If a review team finds a financial emergency exists in Detroit, Snyder can appoint an emergency manager, enter into a consent agreement with the city or allow Detroit to work its way out of its troubles.
Snyder has said he'd prefer a consent agreement, which comes with stiff requirements for the city yet keeps local leaders in control of the purse strings and operations. An emergency manager could take all of that away, even removing the mayor and council from their day-to-day duties at City Hall.
"If the city enters into a consent agreement, then essentially what we're doing is we're entering into a contract that says we acknowledge that we've got some serious problems and we agree to the following steps in order to fix those problems," one-time mayor and current Councilman Ken Cockrel Jr. said.
Public Act 4 allows an emergency manager to control a city or school district's finances.

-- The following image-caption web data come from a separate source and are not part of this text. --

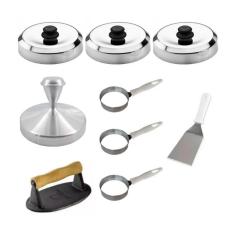 Imagem de Kit 1 Hambúrguer 1 Prensador 3 Abafador 3 Ovo 1 Espátula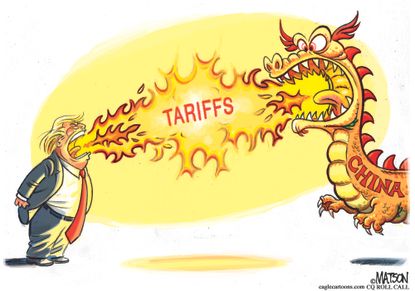 Political cartoon U.S. Trump china tariffs trade war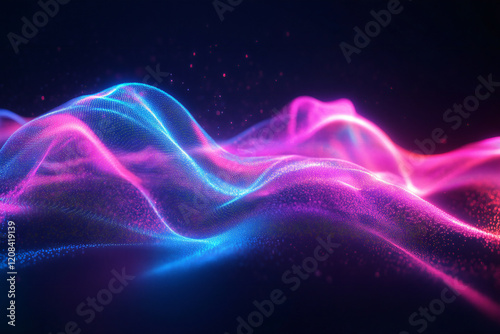 Futuristic Neon Waves with Glowing Abstract Curves, Vibrant Colors, and Digital Art Aesthetics for Modern Design and Dynamic Light Patterns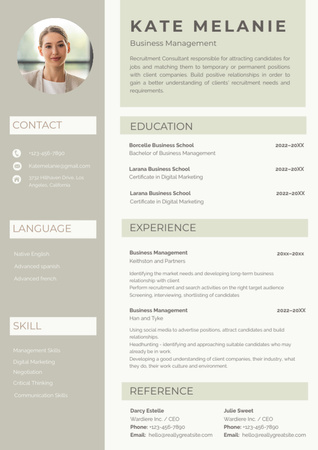Designvorlage Skills and Experience in Business Management für Resume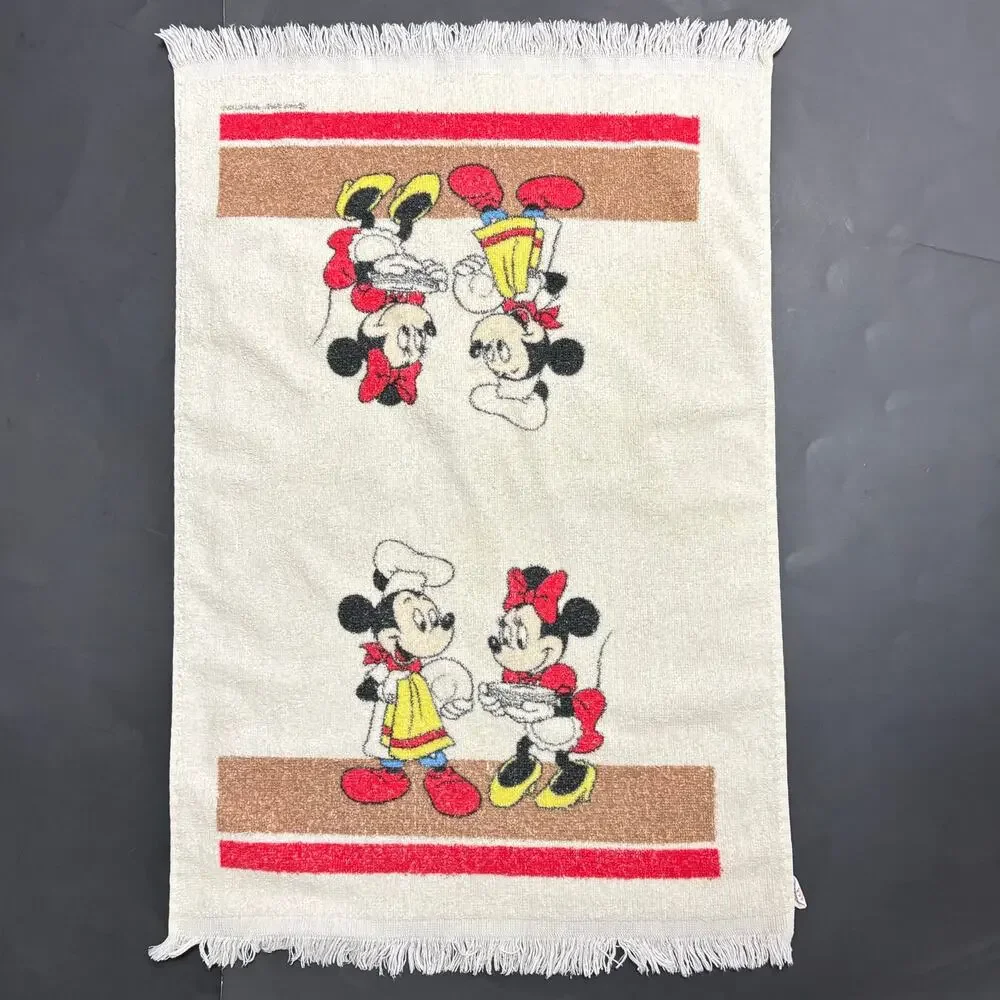 Vintage Cannon Mickey Minnie Mouse Hand Towel Walt Disney Productions USA Made
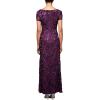 imageAlex Evenings Womens Long Rosette Mother of The Bride Dress with Short Sleeves Wedding Guest Petite and Regular SizesEggplant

The manager also can do what local government can't: restructure bulky union contracts.
Bing said he and Snyder agree that an emergency manager would not be best for the city. The law allows for an emergency manager to be appointed if conditions under a consent agreement are not met.
"There is a major hammer waiting for you, if in fact, you fall out of compliance," Councilman James Tate said.
Bing has sliced a $300 million deficit to $197 million and cut nearly 3,000 jobs in his two and a half years as mayor. But Detroit could be broke and out of cash before the start of summer.
That's the landscape Bing inherited. For months he has used the threat of an emergency manager to get Detroit's municipal unions to agree to a 10-percent pay cut, pay more for health benefits and approve changes to work rules. Deals were reached last month but haven't been ratified.
"It's been a theme ever since the law was passed," said John Riehl, president of the American Federation of State, County and Municipal Employees Local 207. "It's not a toothless threat. I think the law was designed for Detroit to go after cities the state won't help." State election officials likely will decide within two months whether opponents of the emergency manager law have gathered enough valid voter signatures to temporarily suspend the measure and put it before voters for a final verdict in the November election.
If a consent agreement is in the works, it would not be the city's first. Since 2003, the police department has been operating under two federal consent decrees, including one that deals with the use of force.
A monitor appointed to oversee Detroit's compliance resigned in 2009 after a judge learned she had personal meetings and inappropriate contact with Kwame Kilpatrick, who was mayor when she was monitor.
Kilpatrick was forced out as mayor in 2008 as part of a plea deal in a criminal case. He's now under a separate indictment in a federal corruption probe.
"The city's not just had a problem with consent agreements but just day-to-day operations," Tate said.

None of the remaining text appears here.